The 1997-98 American Place season is the company's 35th, and the line up looks like this:

Fly (Prev Oct. 22, opens Nov. 2, open run)
Artistic director Wynn Handman directs a comedy by and starring Joseph Edward, dubbed "a hip, hilarious flight through the plight of a black American man." Also in the show are Arthur French (Mulebone, Ma Rainey's Black Bottom), and Amy-Monique Waddell (Time And The Wind, the film Booty Call). Edward appeared Off-Broadway in The Jungle Book (New Victory Theatre) and Do Lord Remember Me.

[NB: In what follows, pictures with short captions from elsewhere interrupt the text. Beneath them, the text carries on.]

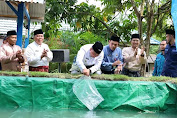 Tabur Bibit Ikan Lele Di 25 Kolam,Wabup Siak Husni Merza:Supaya Dapat Meningkatkan Produksi Ikan Lele Di Kampung Sawit Permai 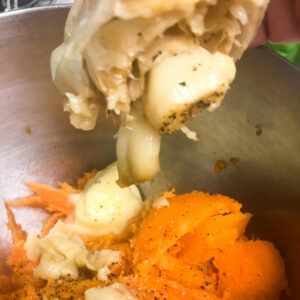 squeezing out cooked garlic cloves into bowl with sweet potatoes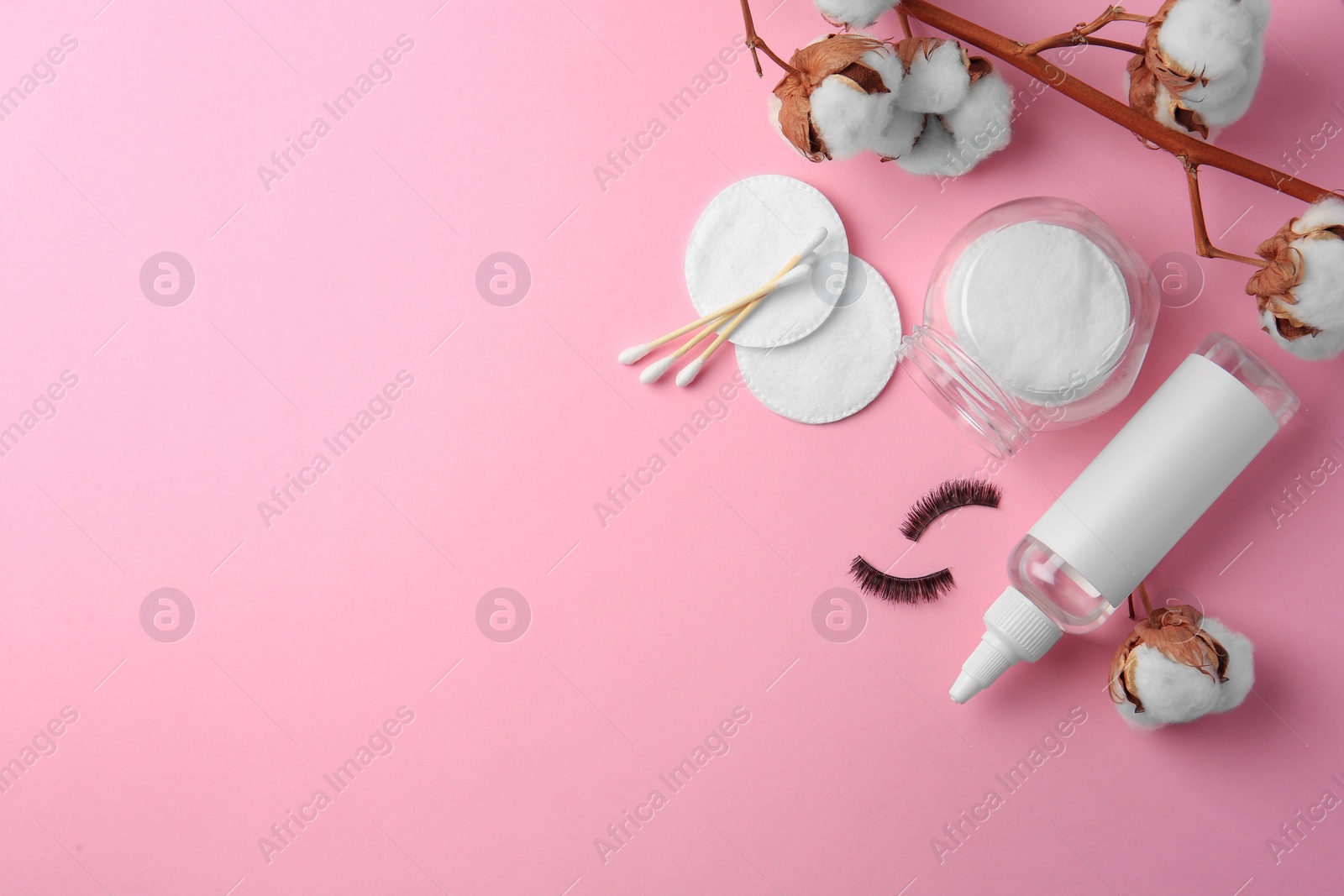 Photo of Bottle of makeup remover, cotton flowers, pads, swabs and false eyelashes on pink background, flat lay. Space for text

Queens Theatre In The Park will travel to the American Place with Coming Through, (Prev. Jan. 15, 1998), to be followed by BAFO (Feb. 4). Tom Strelich's satire (the title acronym stands for "Best And Final Offer") tells of corporate downsizing and the white male rage that ensues. Four veteran employees of a military contractor prepare to present a new government project. The problem: Who needs weapons when there's no threat?

BAFO, was the first play commissioned by CA's South Coast Repertory for members of its acting company. The show opened there Jan. 24. Strelich (pronounced stre'-litch), who began writing plays "on a dare," has written Dog Logic, Water Memory, Embarcadero Fugue and Neon Psalms, the latter of which premiered at San Francisco's Magic Theatre. Dog Logic, which played Off-Broadway, world premiered at South Coast Rep in 1988.

April 4 will bring Aasif Mandvi's Sakina's Restaurant, about an Indian immigrant waiter discovering America through the eyes of a South Asian family. As an actor, Mandvi appeared as the Delivery Boy in Death Defying Acts' one-act, Central Park West, Off-Broadway.